Having to sit through never ending conversations where someone is just talking about themselves is plain nauseating. Spice up the chatter with interesting things you have done, but don't spend all your time ME-ing.


Learn About The Interests of Others.


Do a little research on the people you will be with, find out what they are interested in, and learn a little bit about those things. Enough to ask a few leading questions about subjects the person or people in question feel passionate about.
The art of great conversation is not to talk at people, but to draw them into a conversation where they feel their input is desired, appreciated, enjoyed and respected.
Even if you will just be with your own family or people you know really well - use the opportunity to practice and become a better conversationalist.


Find Common Ground.

People instinctively like someone they have things in common with.
A great conversationalist seeks out the common ground they can find with others, and in doing so opens conversations that everyone enjoys participating in.

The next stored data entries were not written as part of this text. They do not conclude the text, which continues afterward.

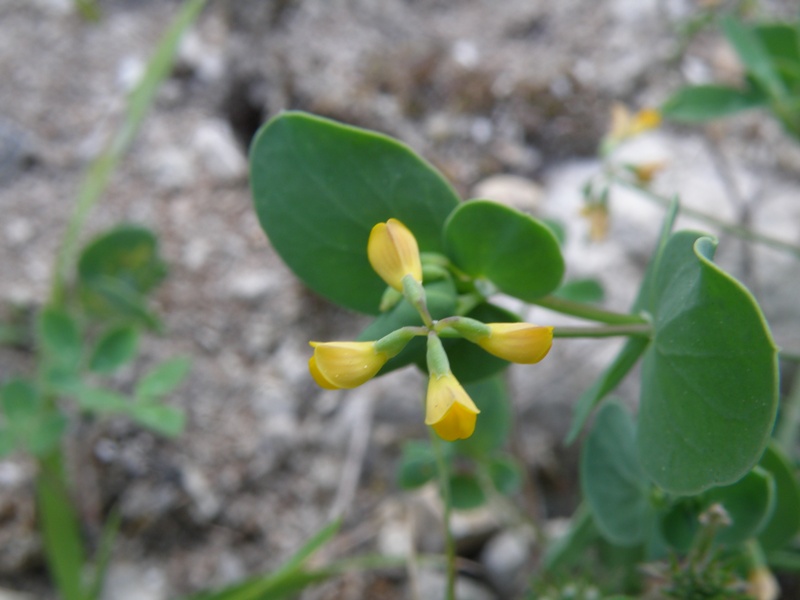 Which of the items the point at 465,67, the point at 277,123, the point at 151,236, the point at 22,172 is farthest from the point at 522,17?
the point at 277,123

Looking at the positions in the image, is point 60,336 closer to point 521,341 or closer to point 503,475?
point 503,475

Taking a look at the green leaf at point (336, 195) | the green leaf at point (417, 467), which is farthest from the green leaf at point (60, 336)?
the green leaf at point (336, 195)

My friends at Proflowers.com created this info-graphic about the Science of Dinner Table Conversation


Please include attribution to ProFlowers.com with this graphic.
The Science of Dinner Table Conversation


Another great way to start a conversation is to bring a fabulous bouquet of flowers to the dinner (or in this case Thanksgiving).
Check out the gorgeous bouquets available at ProFlowers.com

And if you are the poor girl with the evil mother in law? Take a deep breath, square your shoulders, keep your chin parallel to the floor, and know you are not alone! You win by maintaining grace and dignity. Don't let the old bag get under your skin ;))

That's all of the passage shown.